----- Supplied data

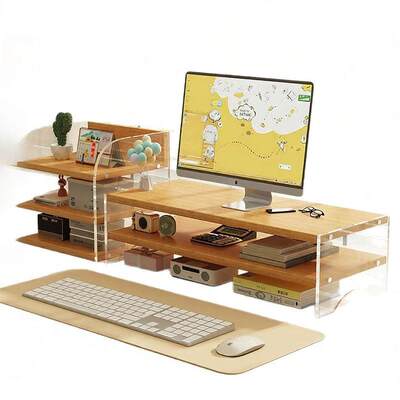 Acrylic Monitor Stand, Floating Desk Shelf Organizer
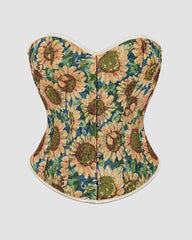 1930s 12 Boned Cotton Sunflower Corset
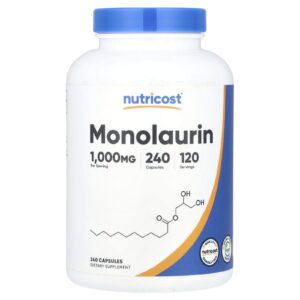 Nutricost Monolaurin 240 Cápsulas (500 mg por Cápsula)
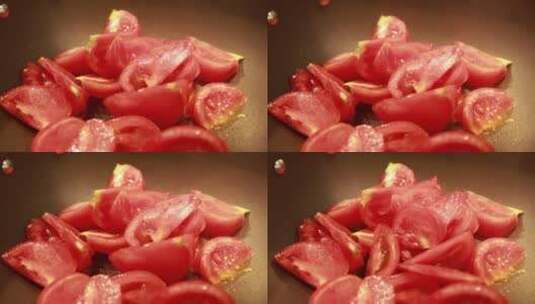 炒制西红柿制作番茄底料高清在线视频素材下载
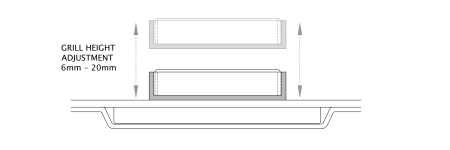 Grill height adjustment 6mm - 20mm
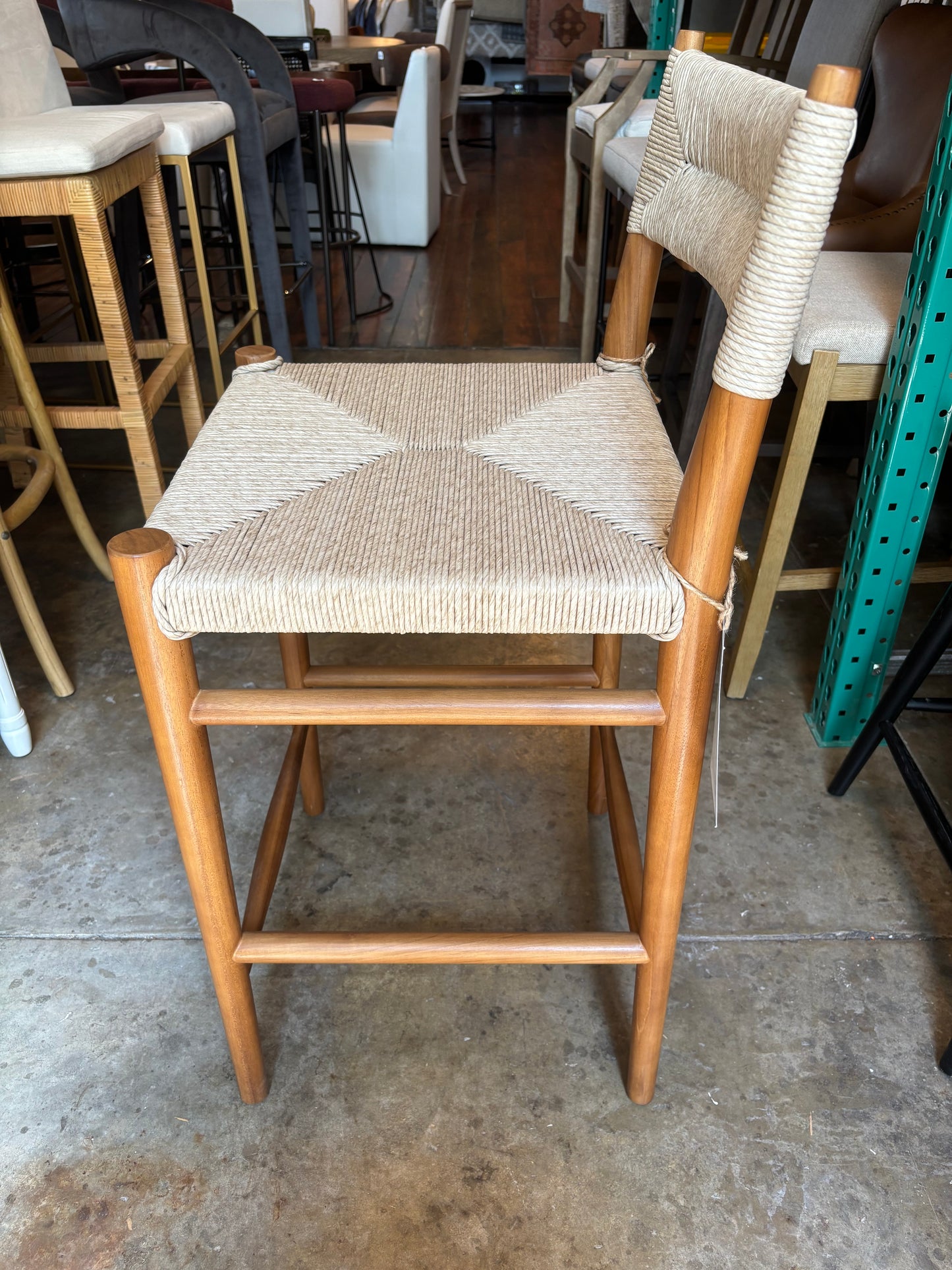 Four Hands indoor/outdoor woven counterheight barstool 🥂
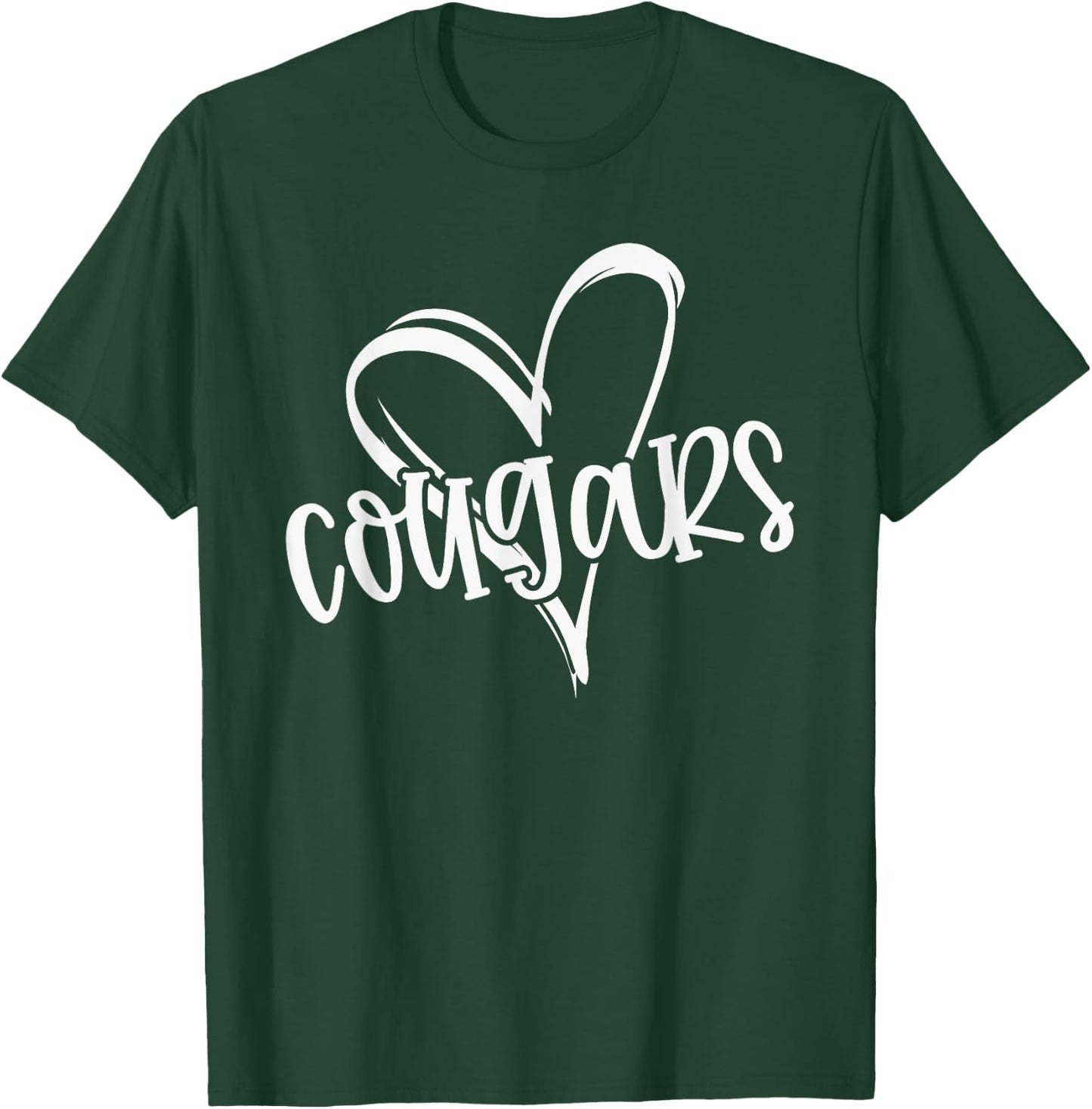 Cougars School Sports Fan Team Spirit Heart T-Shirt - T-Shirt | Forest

----------
----- Supplied data

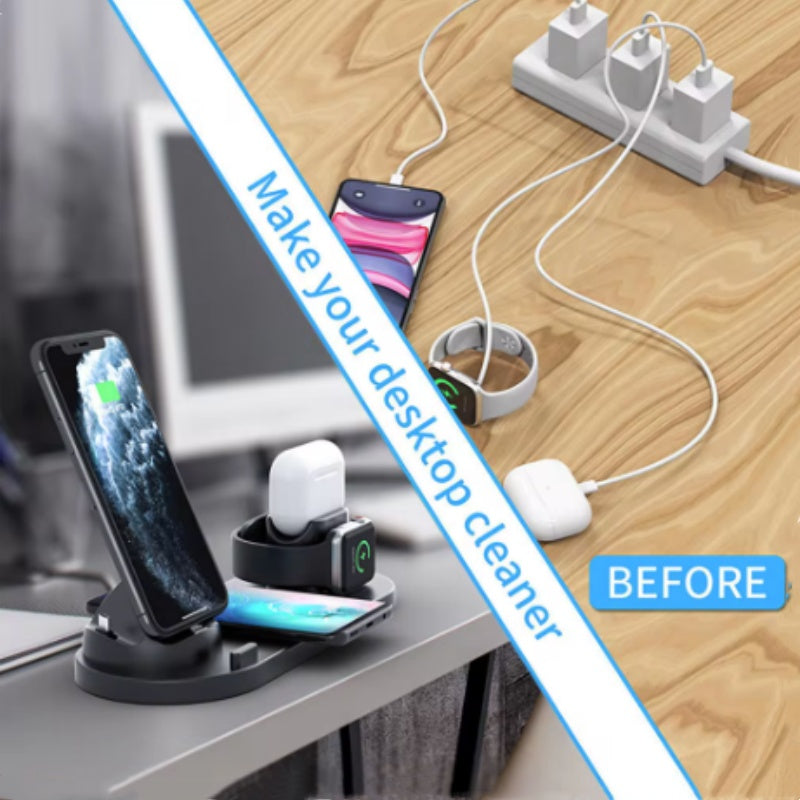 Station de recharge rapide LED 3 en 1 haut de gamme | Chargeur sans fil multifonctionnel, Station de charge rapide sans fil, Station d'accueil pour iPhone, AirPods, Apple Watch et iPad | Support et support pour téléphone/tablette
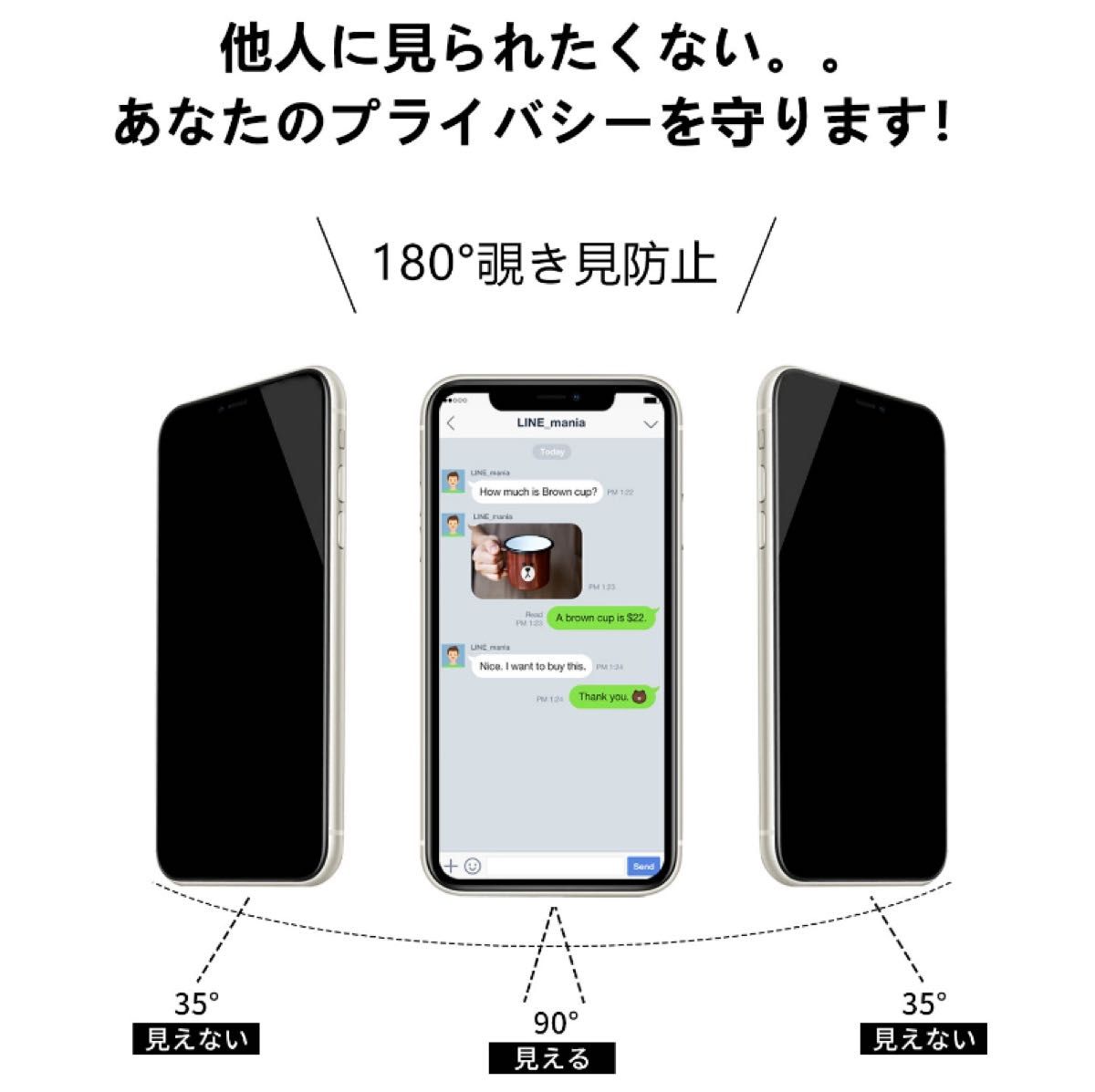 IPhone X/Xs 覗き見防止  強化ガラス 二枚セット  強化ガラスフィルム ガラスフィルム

----------

From the data above, retype only the lines starting with the line with "Four Hands indoor/outdoor" and going on through the line with "Cougars School Sports", exactly, leaving out the pictures.

Reply to the exercise:
 Four Hands indoor/outdoor woven counterheight barstool 🥂
 Cougars School Sports Fan Team Spirit Heart T-Shirt - T-Shirt | Forest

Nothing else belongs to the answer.